Смирный не любил поселки и прочие антропогенные места в Зоне. Уж очень неуютно и чужеродно они смотрелись, да и опасности от них исходило гораздо больше. В них почти всегда обитали мутанты, аномалии отличались излишним коварством.
На всякий случай он держал «штайер» наготове. Проходя мимо полуразрушенного здания столовой, Смирный дернулся от жестяных звуков в ней. Он быстро присел на колено, стволом ища опасность. Во мраке столовой он разглядел темный силуэт, метнувшийся со стола, и снова звук падающей жестяной посуды. Кажется, собака. Хорошо, если одна, а не со стаей.
Он шел по асфальтированной дорожке. Асфальт давно потрескался, из трещин пробивалась трава. Смирный вспомнил ярко-зеленую траву на той опушке, и его передернуло. «Тьфу, совсем нервный стал», – пожурил он самого себя. Ну, ничего. Теперь он совсем рядом...
Очень здесь было неуютно.
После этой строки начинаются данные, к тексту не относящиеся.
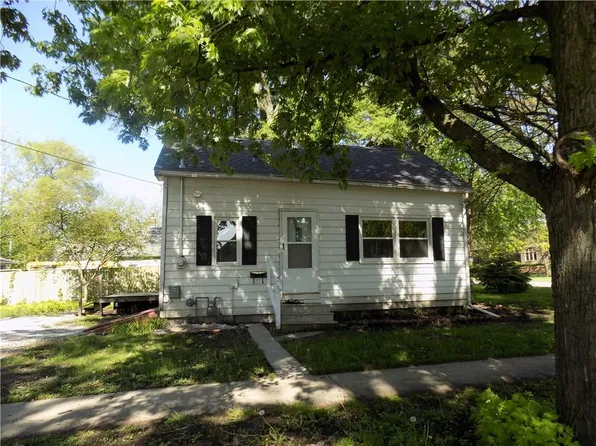 402 W 3rd St, Boone, IA 50036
Высокие сосны, обступающие старые здания, неподвижными стражами охраняли покой. Ни ветерка, ни птицы. Никого. Даже мутантов нет, что очень странно. Впрочем, эти могут появиться совсем внезапно.
Ему надо найти водонасосную станцию. Или водораспределительную, черт ее знает. В общем, где она конкретно располагалась на территории, он не знал. В процессе поисков он видел одного снорка, который что-то ковырял в остове старенького «Москвича». Смирного поразил тот факт, что снорк, едва заметив его, молниеносно ретировался в кусты. «Поведение более чем странное для этих уродов», – подумал Смирный. И тишина. Густая, вязкая, прямо хоть ложкой ешь. Словно все здесь приготовилось к чему-то. Или к кому-то.
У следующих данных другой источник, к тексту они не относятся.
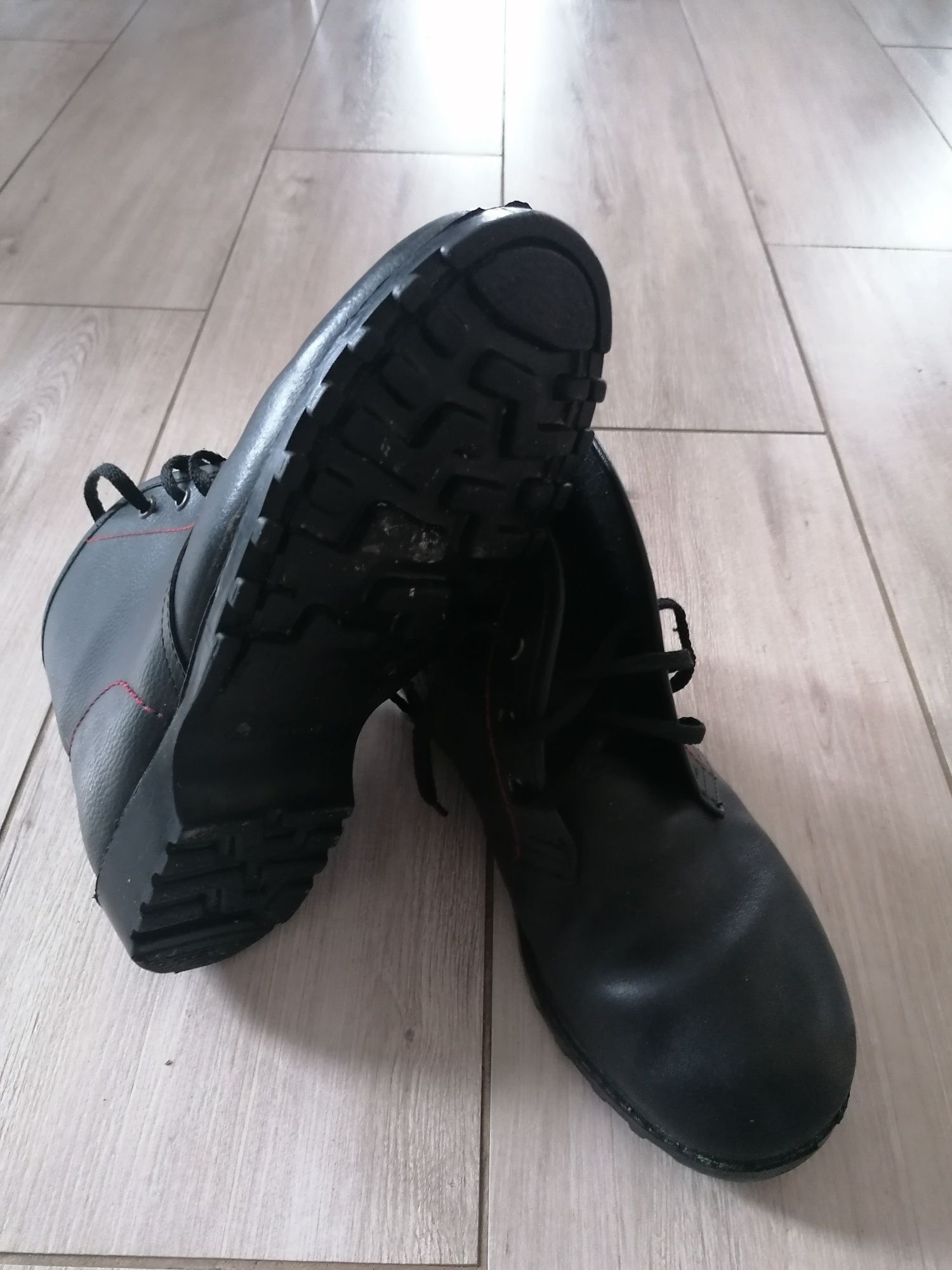 Buty robocze lekkie 42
Распределительная станция, а заодно и бойлерная находились у пропускного пункта. Кирпичная труба торчала, как назидательно указывающий в небеса перст. Смирный взволнованно вздохнул. Ну, сейчас все закончится. И прояснится, врал старик Профессор или нет.
Смирный обернулся, чтобы запомнить кое-какие ориентиры, и застыл. Он ощутил, что за его спиной что-то изменилось. Причем кардинально. Он резко повернулся и оцепенел.
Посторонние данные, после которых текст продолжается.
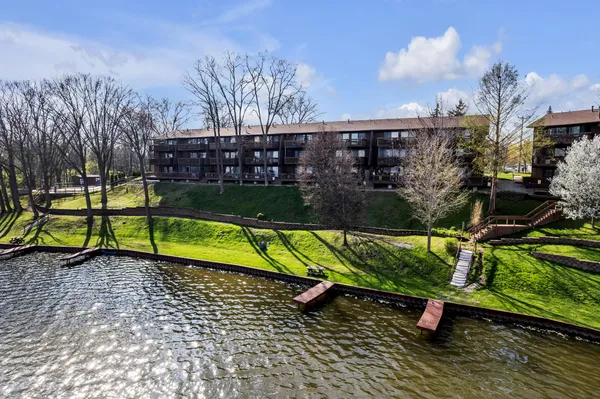 $200,000 | 1730 South Grove Street, Unit B307, Ypsilanti, MI 48198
У пропускного пункта стояла стая псевдособак. Голов на триста. Несколькими цепями. Словно милиция на футбольном матче. С такими же непроницаемыми мордами. А на них двигалась толпа... людей?
Люди ли это?
Откуда здесь люди?! Неужели Гвоздь был прав? Или он не про этих рассказывал?
Люди были обнажены. Причем они были как-то неестественно чисты, неправильно чисты. Они толпой надвигались на псевдособак. И тут одна из них завыла пронзительным басом, вторая подхватила, затем третья, пятая, десятая... Истошный и дикий вой давил уши, щекотал нервы, пытался проникнуть в душу. Люди, до этого момента спокойные, пришли в замешательство. Их спокойствие уступило место панике, и они бросились прочь от псевдособак.
Смирный попятился назад. Обернувшись, он, к своему ужасу, заметил, что сзади него тоже собачье оцепление. А на него неслась толпа. Одно он знал точно – с собаками ему не справиться.
Профессор, будь ты проклят со своими историями!
Смирный истошно заорал и сделал несколько очередей из «штайера» в воздух. На людей это не произвело никакого эффекта, они реагировали лишь на звериный вой. До дверей бойлерной Смирному оставалось метров сто. Люди были совсем близко. Еще секунда, и они обступили его колышущимся морем теплой плоти, в их глазах не было смысла, а была какая-то мольба неизвестно о чем, они тянули к нему руки, щипали, трогали, рвали комбинезон, сдирали рюкзак... И страшно и монотонно мычали при этом. Смирный видел эти пустые глаза, эти глаза... глаза... гла...
А-а-а-а-а-а-а-а-ргх!
Воздух вспороли выстрелы. Люди истошно визжали. Он шел, стрелял, менял обойму, отбиваясь локтями, снова стрелял с какой-то странной улыбкой, как бы невзначай отметив, что в толпе почему-то лишь женщины и дети. Красивые женщины, молодые, с совершенными формами, и дети, какими их рисуют в рекламках, с пухлыми щечками, светлыми глазами...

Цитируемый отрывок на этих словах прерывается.